Smartphone videographers still have a chance to submit their four-minute film shorts to Alliance Francaise where they’re conducting the 2nd Smartphone Film Competition.
The deadline for Kenyans entering the film shorts is September 30.
The winning shorts will be shown during this year’s French Film Festival, which as always will bring some of the best French films produced previous years to Nairobi audiences. Adjudicators of the Kenyan shorts are Judy Kibinge, a filmmaker and founder of DocuBox, Cajeton Boy, scriptwriter and filmmaker, Mwaniki Mwagira.
This year’s festival will run from October 9 –13. Having the theme, ‘Family stories’ the festival will feature a wide range of award-winning films.
They will range from contemporary French cinema and a classic to a period drama, several shorts and one feel-good comedy. All the films (apart from the children’s film) will be in French with English subtitles.
Next Monday, Le Mercenaire (The Mercenary), a contemporary thriller about a rugby player, will be screened followed by the first prize winning Kenyan smartphone short.
Next Tuesday will present a series of film shorts. They are Mama(s), La chair et les volcan and Un grand silence. On the following day, the film classic Le Ceremony starring Isabelle Hupert will be shown, followed by Une Vie (A Woman’s Life) which will be Thursday’s award-winning film. Finally, the comedy Le Placard, starring Gerard Depardieu, will be screened on Friday evening.
The children’s film Ma Vie de Courgette (‘My Life as a Courgette’) will be shown several times during the festival. From next Tuesday through Thursday, it will be screened twice, at 9.30am and 1pm.

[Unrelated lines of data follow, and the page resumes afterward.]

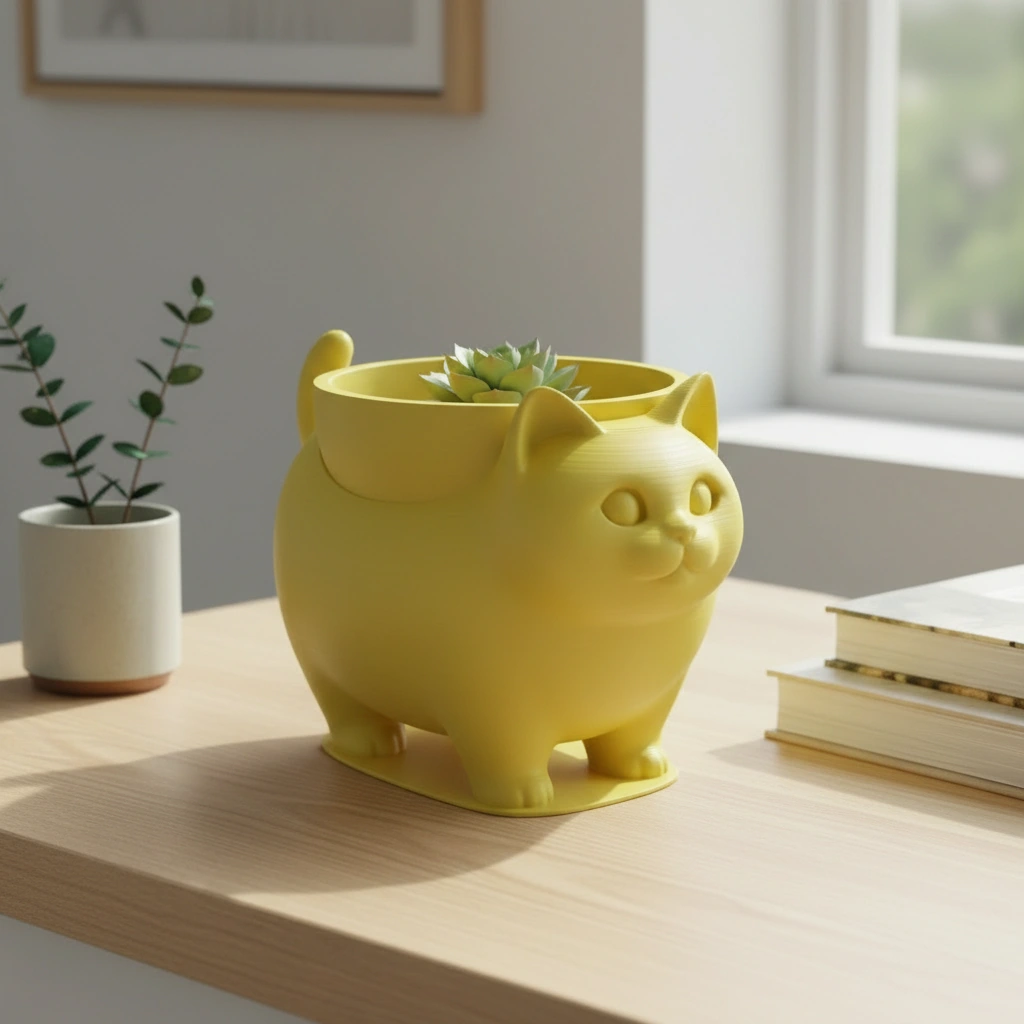 Mini Ghiveci Decorativ Pisica American Shorthair pentru Plante Mici - culoare Galben, imprimare 3D Vibecraft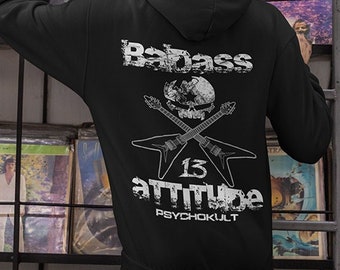 BADASS ATTITUDE - Cool / Rock / Metal / Guitar / Punk / Guitar Player / Loose Fit / On Stage / Musician / Party /Hoodie / Hood / Rocker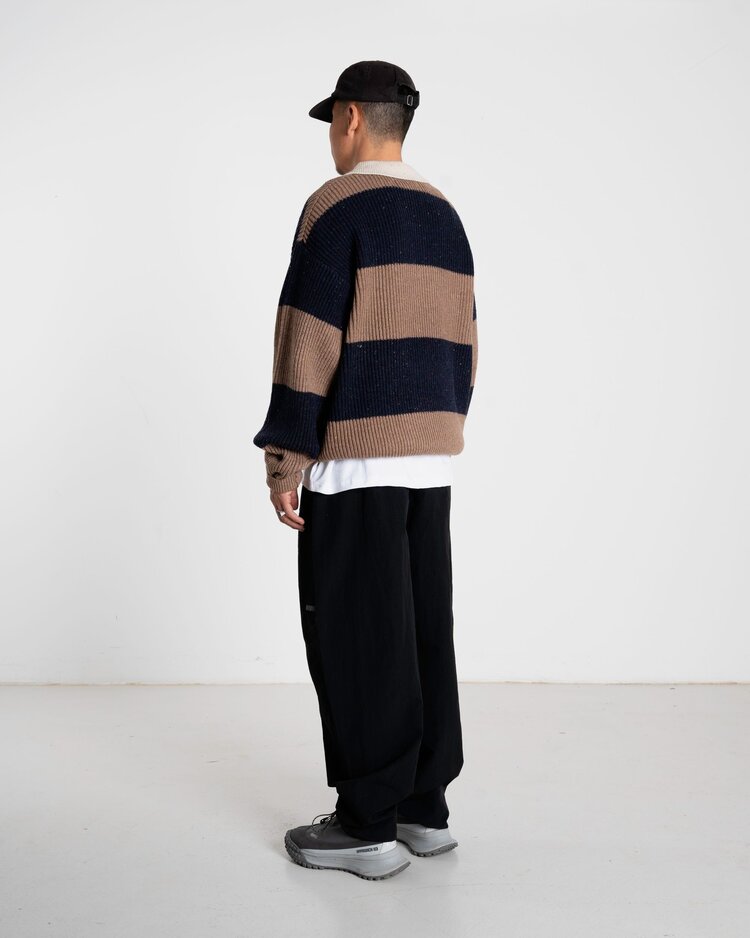 Woodbird Lotu Striped Polo 'Navy Striped'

Coinciding with the Film Festival is the grand opening of Alliance Francaise’s new French Restaurant, La Belle Epoque, which is creating a special menu to complement the theme of the French movie being shown that evening.
What makes Alliance’s new eatery unique is that its French Chef is Christian, a culinary artist who prepared superb French dishes back in the 1970s and 1980s when he ran Le Jardin de Paris at the same venue, when it was called the French Cultural Centre.

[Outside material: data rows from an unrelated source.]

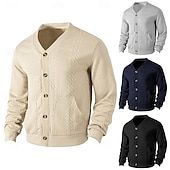 baratos Suéteres básicos-Homens Moletom Jaqueta de suor Preto Azul Marinha Cáqui Cinzento Decote V Tecido Bolsos Trabalho Desportos e Ar livre Casual Roupa de rua Básico Casual Primavera &amp; Outono Estações Cruzadas Roupa
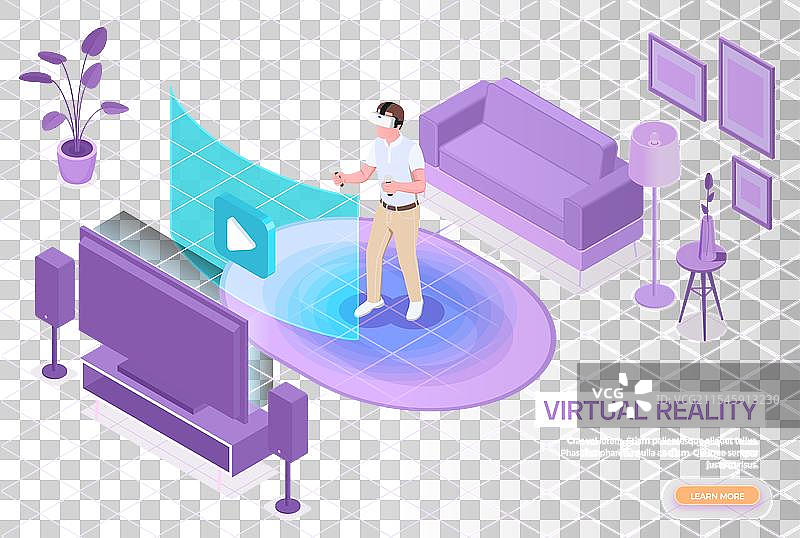 虚拟现实等距构图图片素材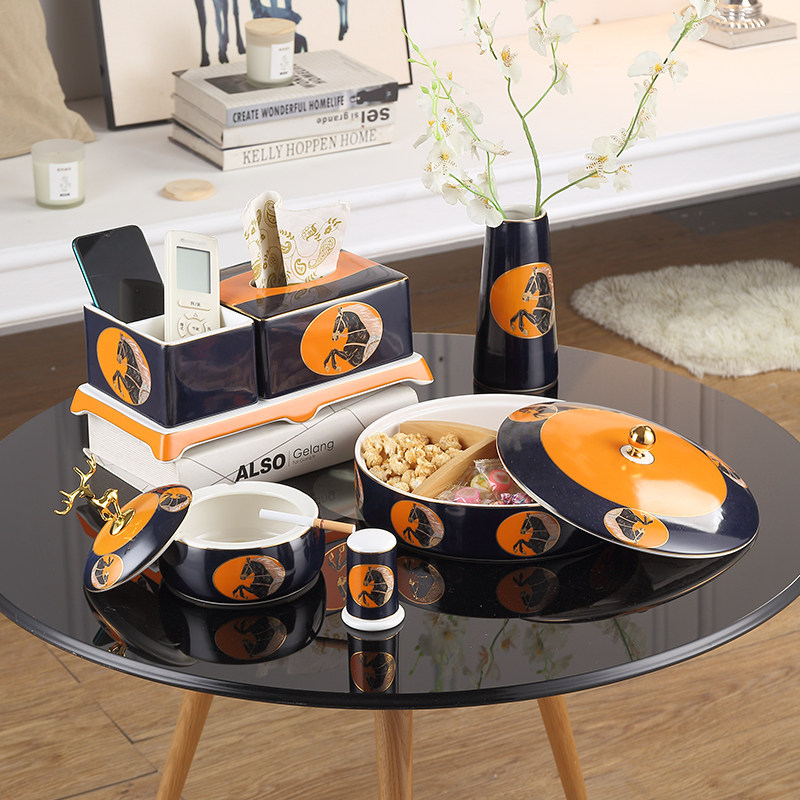 Living room household multifunctional ceramic tissue box coffee table remote control storage box sample room decoration light luxury toilet paper box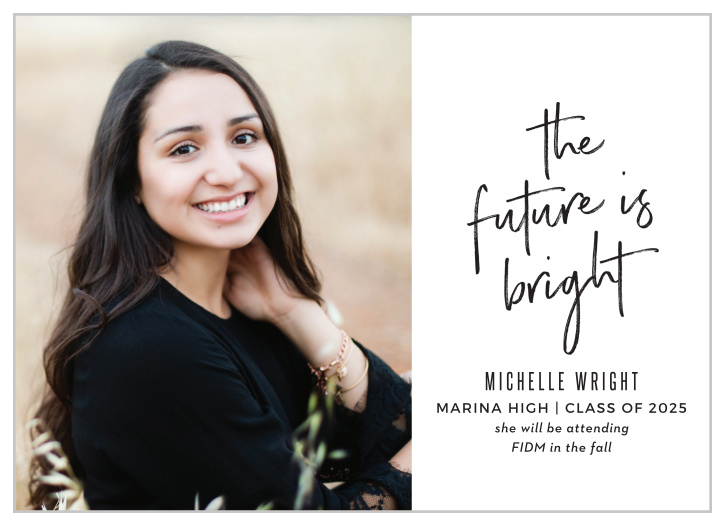 Let your friends and family know of your momentous accomplishment with the chic look of our Future Is Bright Graduation Announcements.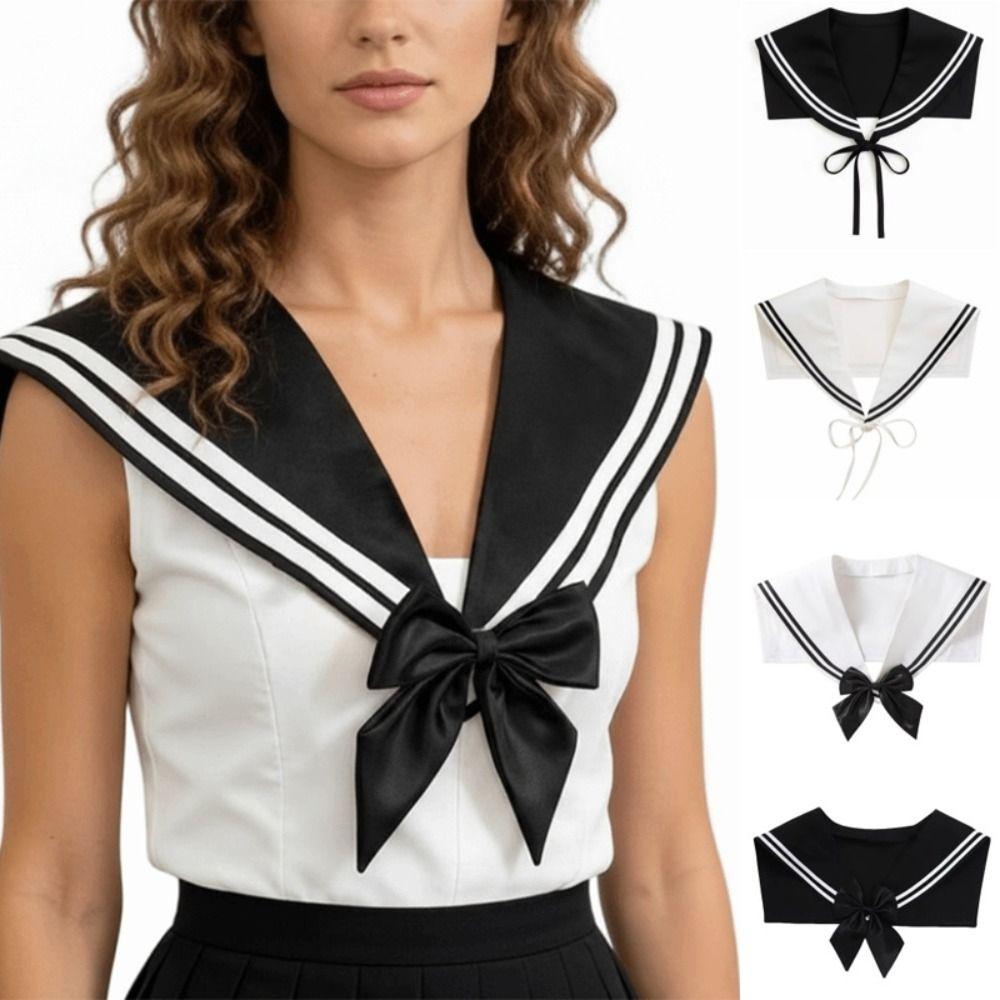 White Striped Sailor Fake Collar Cape Bow Tie Retro Blouse False Collars Clothes Decoration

Back then, Christian was renowned and so was his cuisine. Le Jardin de Paris became a venue where a myriad of Kenyan artists used to meet, drink and eat in the convivial atmosphere created by Christian.
His return to Alliance Francaise is a homecoming that will be welcomed both by lovers of French cuisine and a new generation of ‘creatives’ who undoubtedly will be drawn to La Belle Epoque by his welcoming charm.